__WORK TO BE COMPLETED__
With pictures removed, output every record below exactly as written.

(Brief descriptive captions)
* * * * *

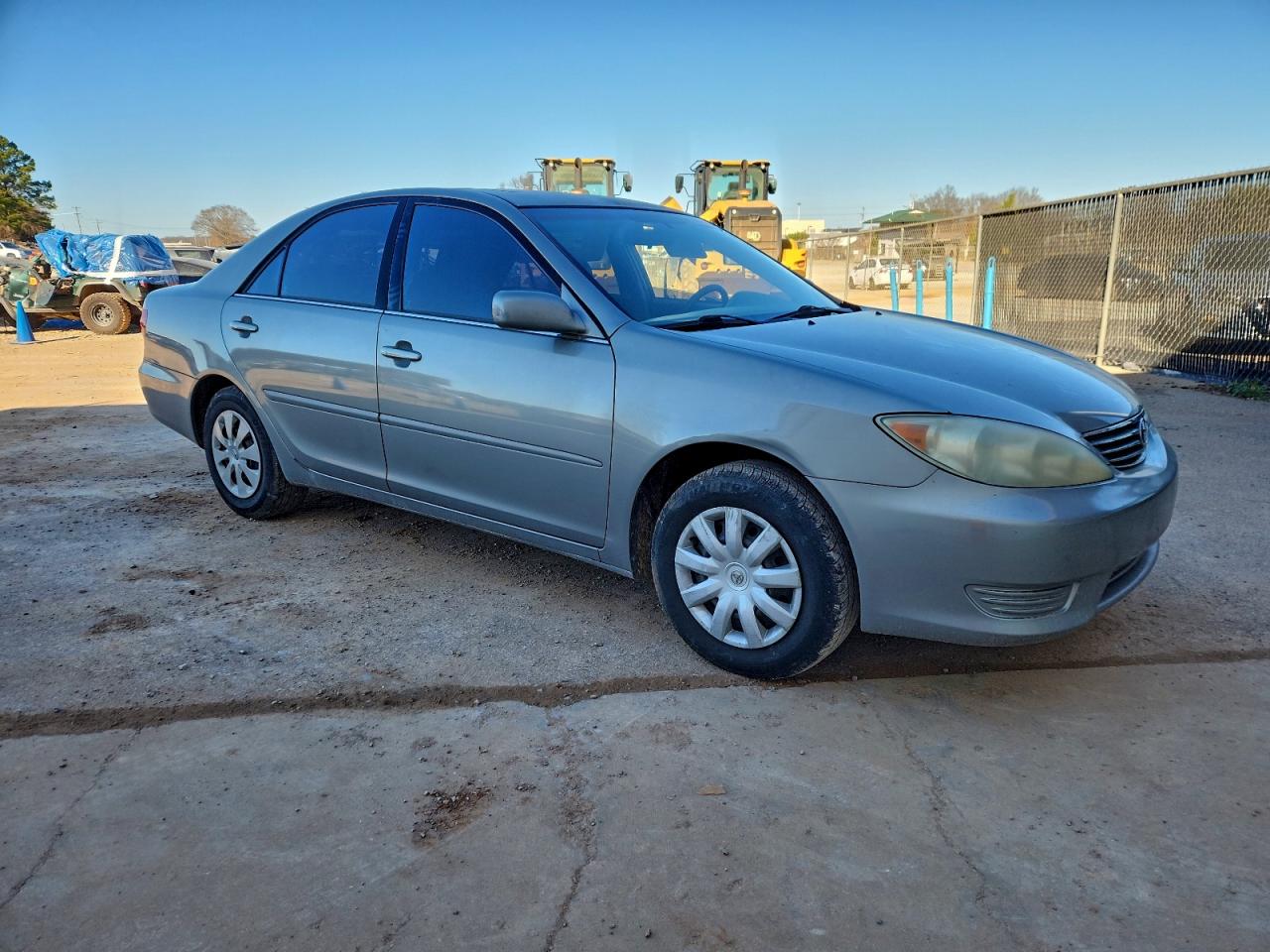 Toyota Camry Le Image 11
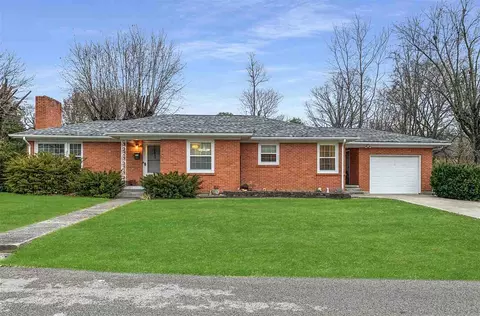 101 Grinstead Ct, Glasgow, KY 42141 photo 1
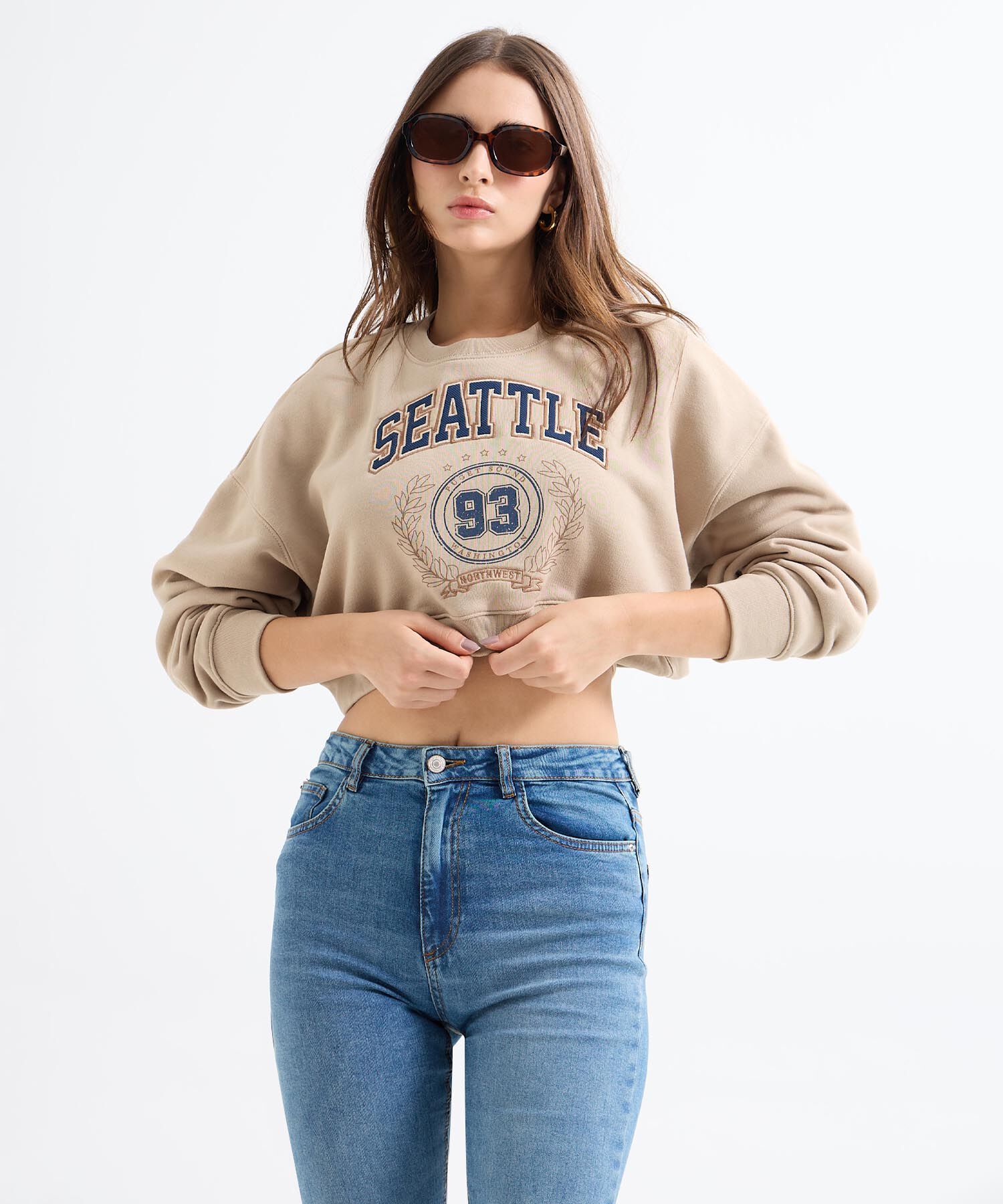 Buzo Crop Bordado Seattle | Compra Online | SEVEN SEVEN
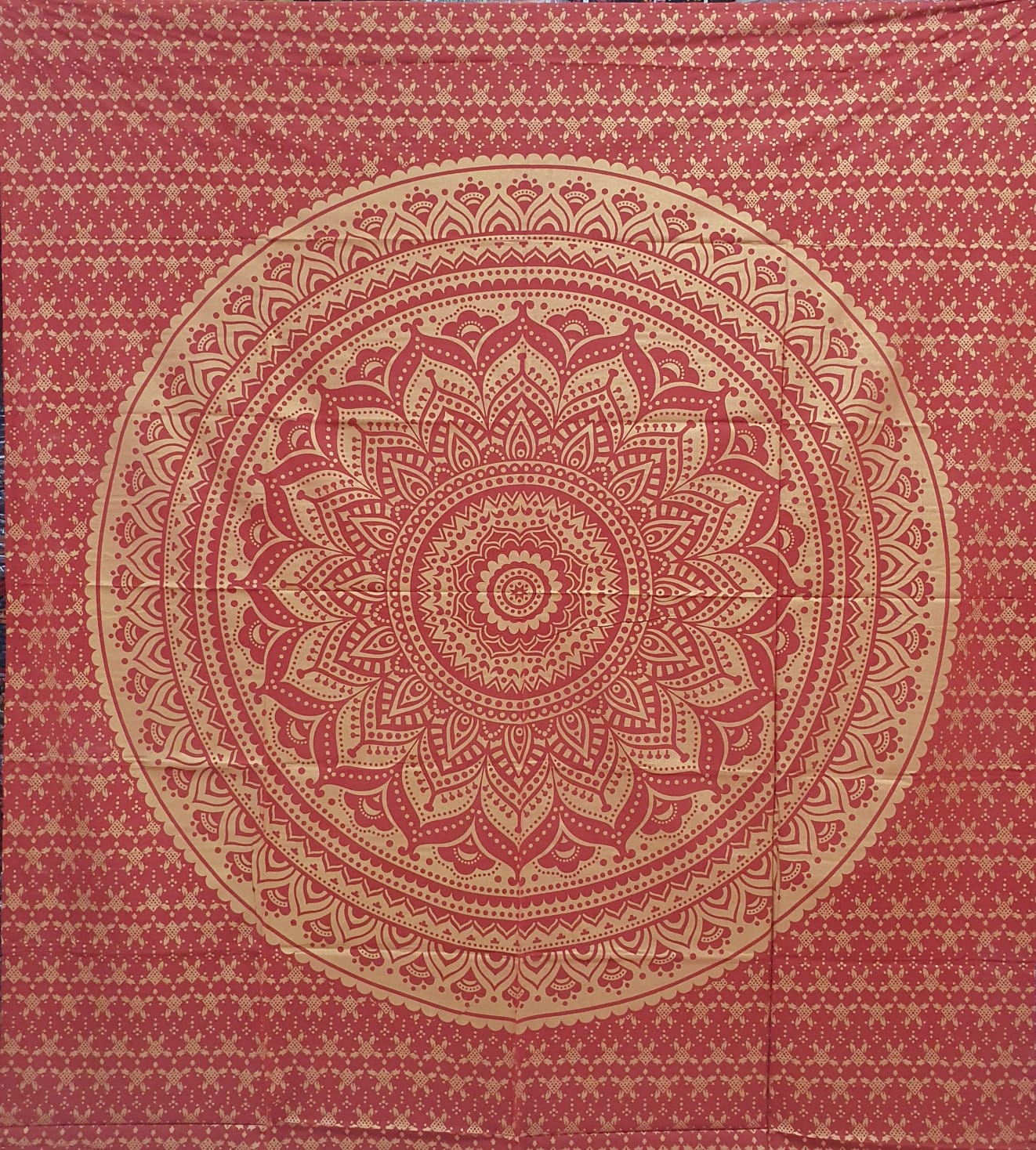Bedsheet Mandala röd/guld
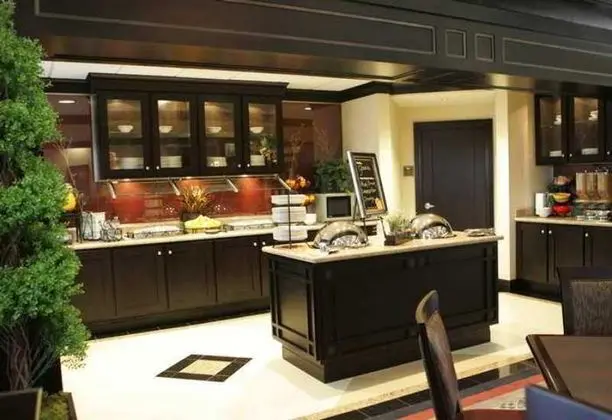 Homewood Suites Toronto Airport Corporate Centre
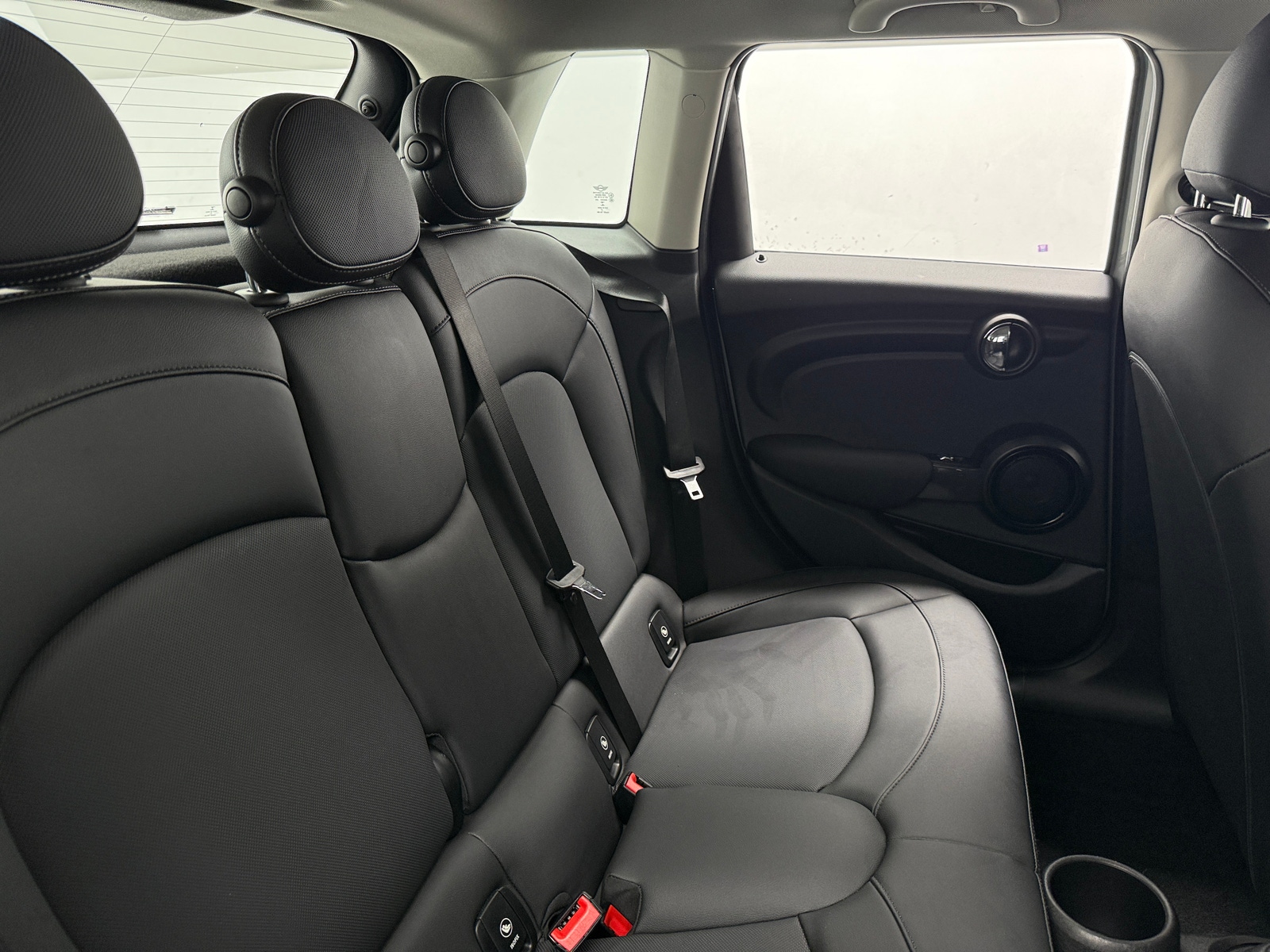 Thumbnail: 2022 MINI Cooper Hardtop - 5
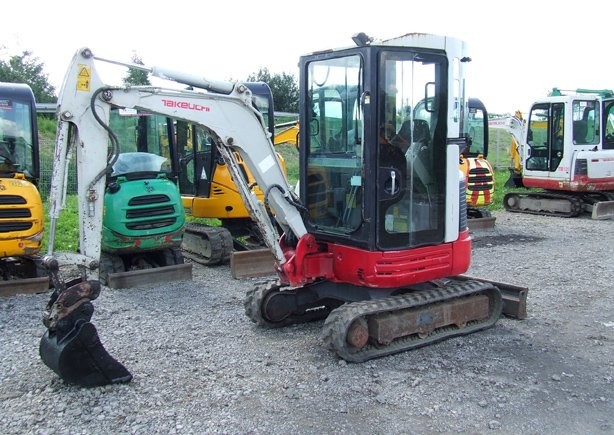 Takeuchi TB23R — zdjęcie 1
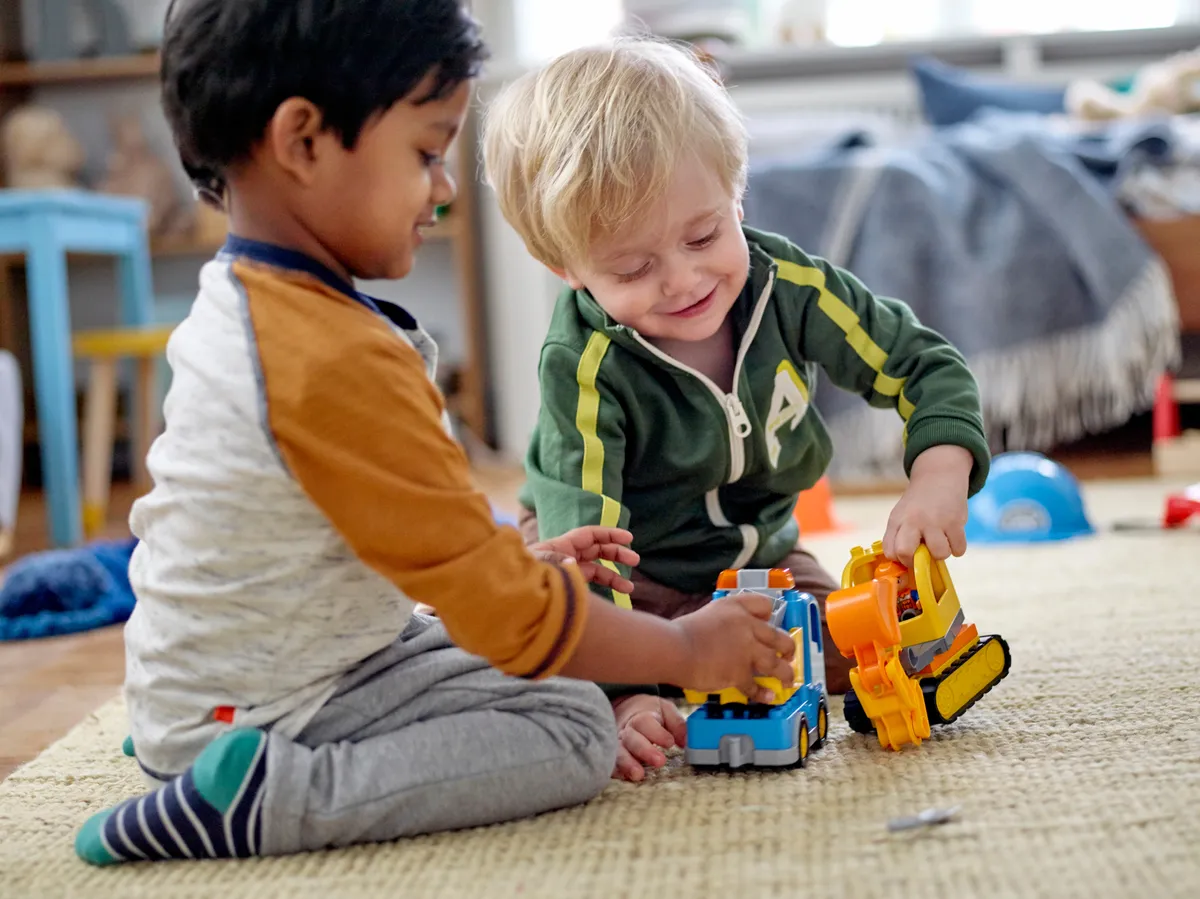 LEGO Truck & Tracked Excavator (10812) - Bild 10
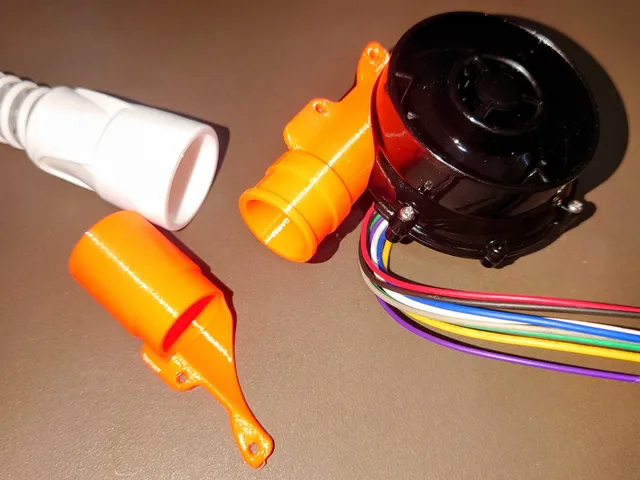 CPAP hose adapter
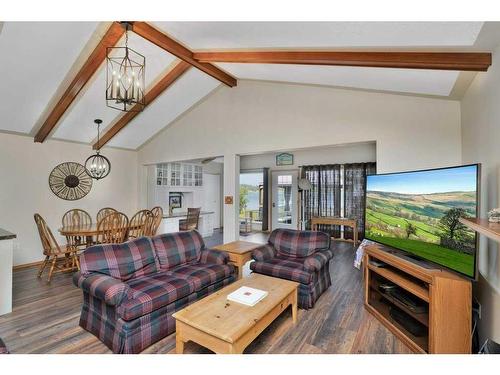 34 Beach Street East, Rochon Sands, AB - Indoor Photo Showing Living Room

* * * * *

__EXPECTED ANSWER__
 Toyota Camry Le Image 11
 101 Grinstead Ct, Glasgow, KY 42141 photo 1
 Buzo Crop Bordado Seattle | Compra Online | SEVEN SEVEN
Bedsheet Mandala röd/guld
 Homewood Suites Toronto Airport Corporate Centre
 Thumbnail: 2022 MINI Cooper Hardtop - 5
 Takeuchi TB23R — zdjęcie 1
 LEGO Truck & Tracked Excavator (10812) - Bild 10
 CPAP hose adapter
 34 Beach Street East, Rochon Sands, AB - Indoor Photo Showing Living Room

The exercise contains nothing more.